= What the task requires =
Every line of the listing below from the one with "Purple Ribbon.Stop The Hate.1 Pin" up to and including the one with "We Do Not Speak" should be retyped exactly, and nothing else; pictures are not part of the copy.

= Records to process =

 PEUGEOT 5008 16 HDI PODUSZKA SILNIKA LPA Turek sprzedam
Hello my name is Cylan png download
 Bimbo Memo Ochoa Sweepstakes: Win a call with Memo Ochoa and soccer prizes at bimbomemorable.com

==

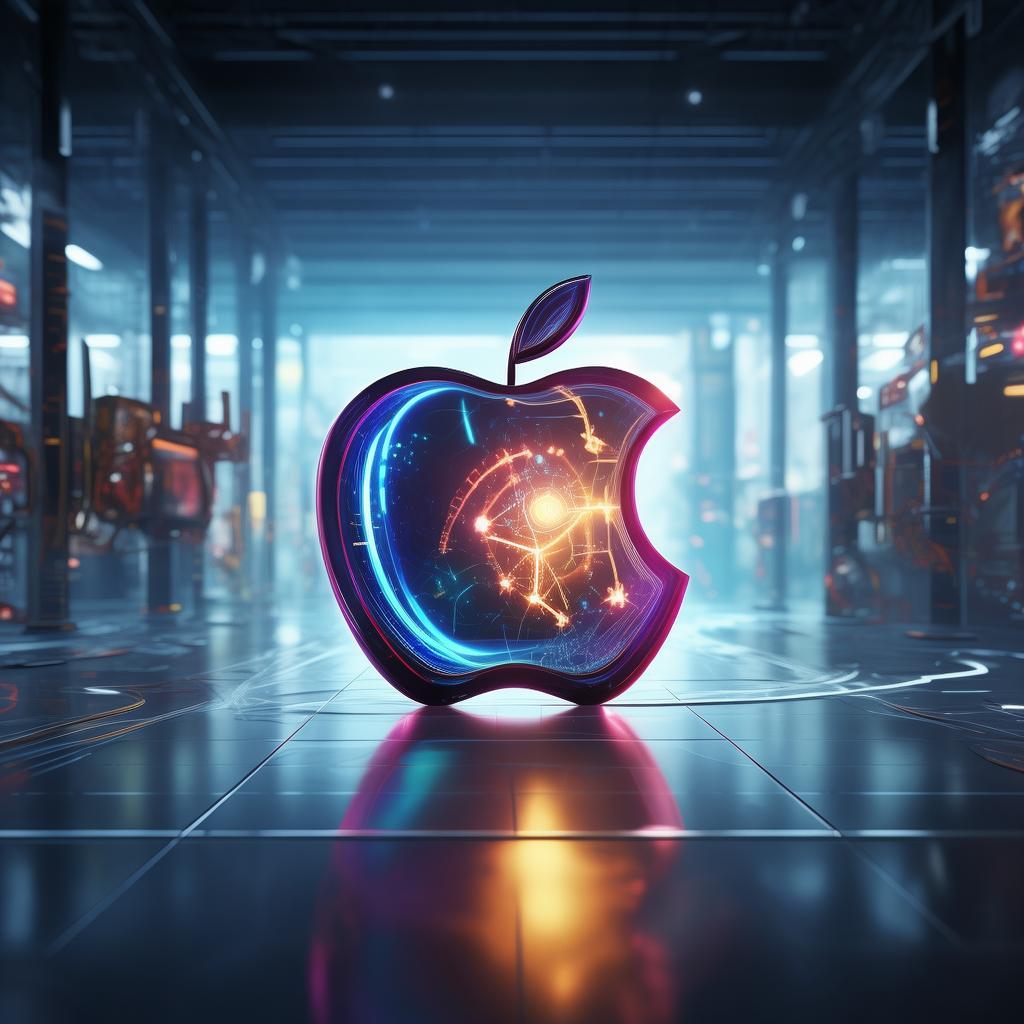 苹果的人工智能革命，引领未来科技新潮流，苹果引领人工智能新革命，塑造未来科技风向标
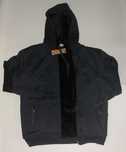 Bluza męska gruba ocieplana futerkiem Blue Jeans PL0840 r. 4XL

==

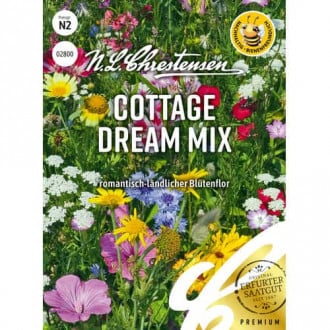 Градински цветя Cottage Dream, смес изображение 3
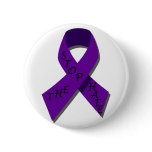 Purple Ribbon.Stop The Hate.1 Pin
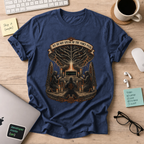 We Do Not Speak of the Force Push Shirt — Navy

= Solution to this exercise =
 Purple Ribbon.Stop The Hate.1 Pin
 We Do Not Speak of the Force Push Shirt — Navy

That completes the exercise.